The task:
Could you copy exactly the lines below, beginning at the line with "a fegetable market" and stopping after the line with "Trilophidia annulata", with no pictures?

Material to process:
- - - -
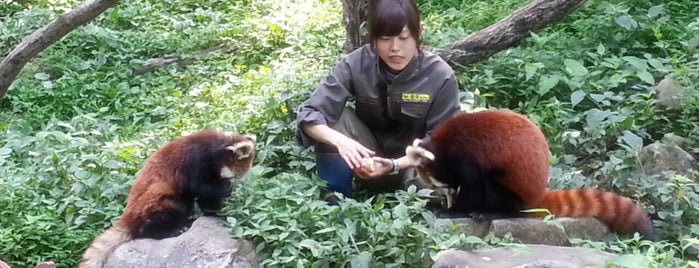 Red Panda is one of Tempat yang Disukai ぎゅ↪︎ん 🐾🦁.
- - - -
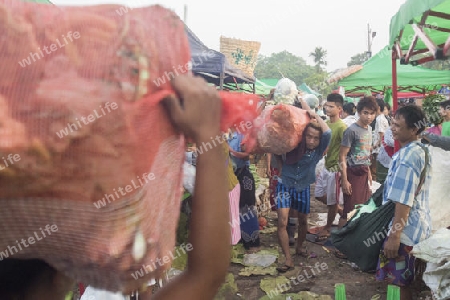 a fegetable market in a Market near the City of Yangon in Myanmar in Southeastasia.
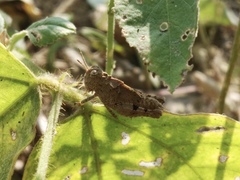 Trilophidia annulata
- - - -
Task output:
 a fegetable market in a Market near the City of Yangon in Myanmar in Southeastasia.
 Trilophidia annulata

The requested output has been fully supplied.